ごあいさつ

東京大学の渡邉より、第6回の「HTLV-1研究会」の開催にあたりHTLV-1研究会会長としてご案内申し上げます。

 ご承知の様に、2010年末に当時の菅首相のイニシアチブで「HTLV-1総合対策」が決定され、2011年から、全国一律に妊婦のHTLV-1抗体検査が開始されました。厚生労働省では「HTLV-1対策推進協議会」が設置され、これまで4回の会議が開催されております。また、HTLV-1母子感染対策協議会の設置、HTLV-1母子感染関係者研修事業、HTLV-1母子感染普及啓発等のHTLV-1母子感染対策事業などの取り組みが各自治体で進められております。
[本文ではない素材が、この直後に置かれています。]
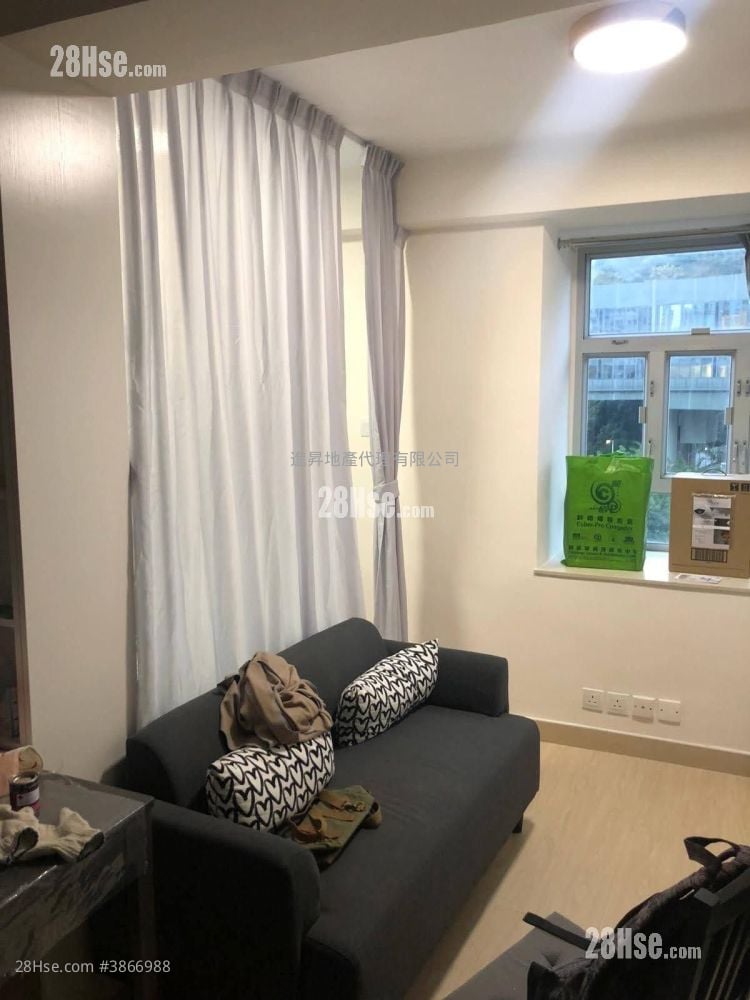 Hong Fai Building Rental Studio , 1 Bathroom 210 ft²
更に、平成23年度からは厚生労働科学研究費の中に「HTLV-1関連疾患研究領域」が設定されたこともご承知の通りです。昨年度はこの研究領域で26の研究事業が採択されて研究が進められております。昨年末の政権交代により、この様な医療対策と研究事業の推進体制の継続が危ぶまれましたが、最終的には「HTLV-1総合対策」は政府の方針として継続されることになっております。この様な状況でございますので、今後とも「総合対策」の推進にご協力を頂けます様お願い申し上げます。一方、「HTLV-1関連疾患研究領域」の研究事業は、HTLV-1に関連する基礎から臨床までの研究の活性化に大きく貢献していることが明らかです。しかしながら、大多数の研究事業の研究期間が平成25年度までとなっており、平成26年度以降におけるこの研究体制の継続が大きな課題となっております。
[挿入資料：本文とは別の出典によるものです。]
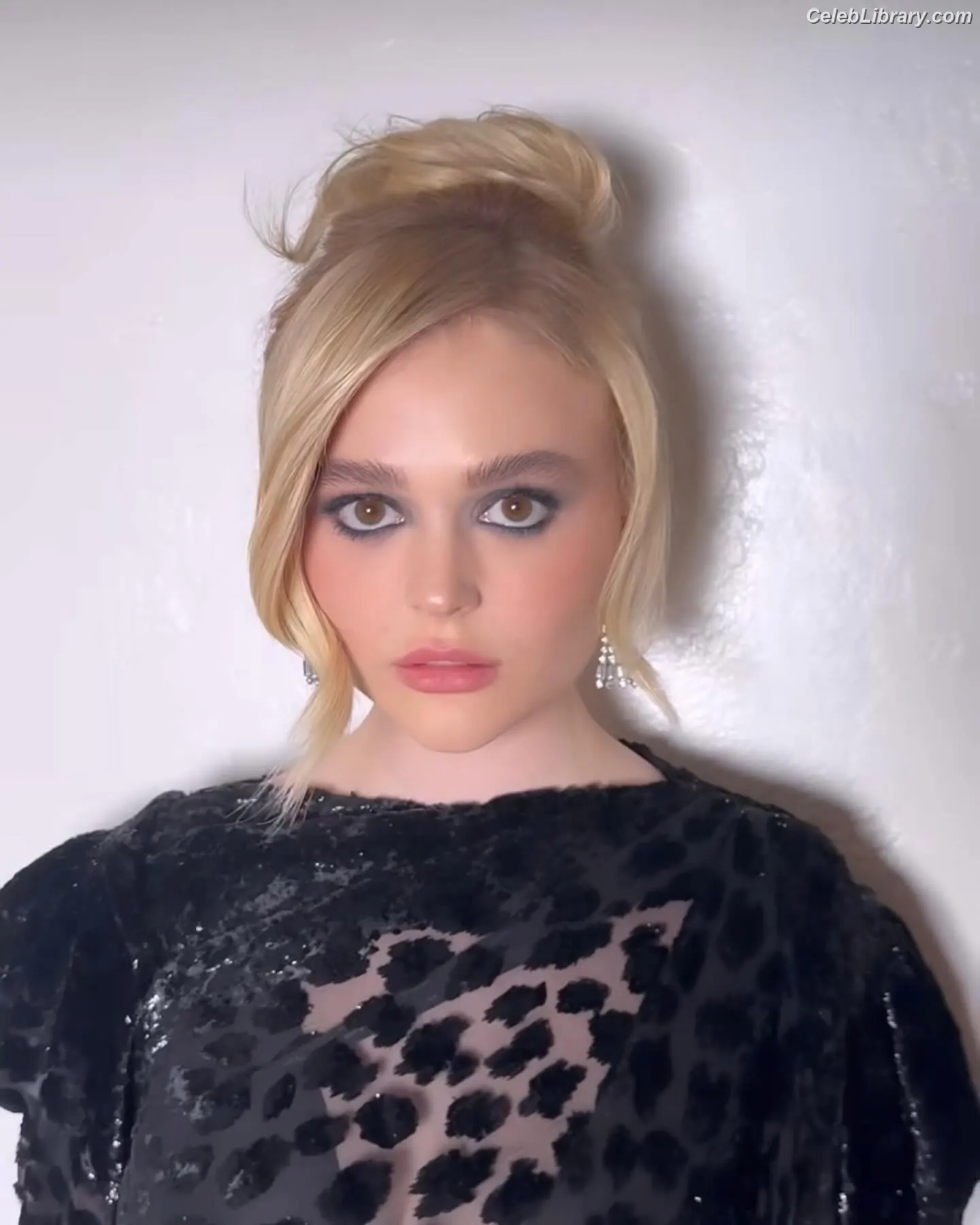 Emily Alyn Lind photo 1 of 324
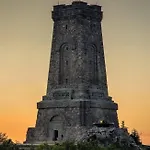 Gnezdo * Șipca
 この様な背景のなかで、当研究会の役割はますますその重要性を増して来ていると思います。当研究会は、幅広い領域の基礎から臨床までの研究者や医師が一同に集まり、研究成果の発表と情報交流を行う国内で唯一の場となっております。当研究会での研究発表や情報交換、関係者の交流が、HTLV-1に関連した様々なレベルでの研究活動の活性化につながることを期待しております。第6回目の開催となります本年は、昨年と同様に、厚生労働科学研究費の研究班との共同で、「ATLシンポジウム」と「HTLV-1国際シンポジウム」を開催致します。基礎から臨床までの第一線の国内外の研究者からまとめて研究成果の発表をして頂くことは、国内の研究推進に貢献すると同時に、国際的な共同研究へのきっかけとなることも期待されます。このような形で併催し、便宜を図ることが可能となりましたことにつきましては、関係各位のご協力の賜物であり、ここに改めてお礼を申し上げます。
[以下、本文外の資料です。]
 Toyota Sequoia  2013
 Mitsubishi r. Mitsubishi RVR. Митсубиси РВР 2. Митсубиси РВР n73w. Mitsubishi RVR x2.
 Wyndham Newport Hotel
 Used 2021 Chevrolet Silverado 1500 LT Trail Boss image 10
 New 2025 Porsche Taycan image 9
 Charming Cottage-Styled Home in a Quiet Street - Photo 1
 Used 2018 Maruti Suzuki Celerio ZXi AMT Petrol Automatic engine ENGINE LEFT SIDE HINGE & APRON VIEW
 HTLV-1感染とその関連疾患の領域では、公衆衛生、疫学、臨床および基礎研究のいずれにおきましても、まだまだ多くの解決すべき課題が残されております。昨今の様に、社会的な注目度が高まり、行政側の対応も大きく変化して来たこの機会に、研究を更に発展させて、感染の予防と疾患の発症予防・治療に繋げることが期待されていると考えます。従って、我々研究者および臨床家の責任はさらに重大であると、気持ちを引き締めております。当研究会の継続的な活動を可能にするために、法人化を行い「学会」とすることが検討されております。学会となりました場合もこれまで同様に皆様のご協力を頂けます様、お願い申し上げます。

 最後になりますが、関係各位におかれましては、第6回HTLV-1研究会に積極的にご参加頂き、研究成果の発表と情報交換の場として有意義な時間を過ごされますこと事を期待しております。